EXERCISE DIRECTIONS → There is a line containing "- 50 Meters" in the entries below. Repeat that line and every line after it exactly, and nothing more.

##### GIVEN DATA

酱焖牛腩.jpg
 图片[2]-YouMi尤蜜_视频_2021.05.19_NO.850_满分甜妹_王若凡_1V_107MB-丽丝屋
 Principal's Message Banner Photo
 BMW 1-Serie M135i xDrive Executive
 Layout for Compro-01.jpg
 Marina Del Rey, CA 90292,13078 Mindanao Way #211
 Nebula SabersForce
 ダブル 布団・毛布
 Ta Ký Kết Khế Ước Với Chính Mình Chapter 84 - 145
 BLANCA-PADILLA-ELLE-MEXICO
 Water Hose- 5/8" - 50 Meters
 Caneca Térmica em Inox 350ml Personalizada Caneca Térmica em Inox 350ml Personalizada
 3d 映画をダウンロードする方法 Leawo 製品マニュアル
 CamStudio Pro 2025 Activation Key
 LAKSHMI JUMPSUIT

##########

RESULT OF THE TASK →
 Water Hose- 5/8" - 50 Meters
 Caneca Térmica em Inox 350ml Personalizada Caneca Térmica em Inox 350ml Personalizada
 3d 映画をダウンロードする方法 Leawo 製品マニュアル
 CamStudio Pro 2025 Activation Key
 LAKSHMI JUMPSUIT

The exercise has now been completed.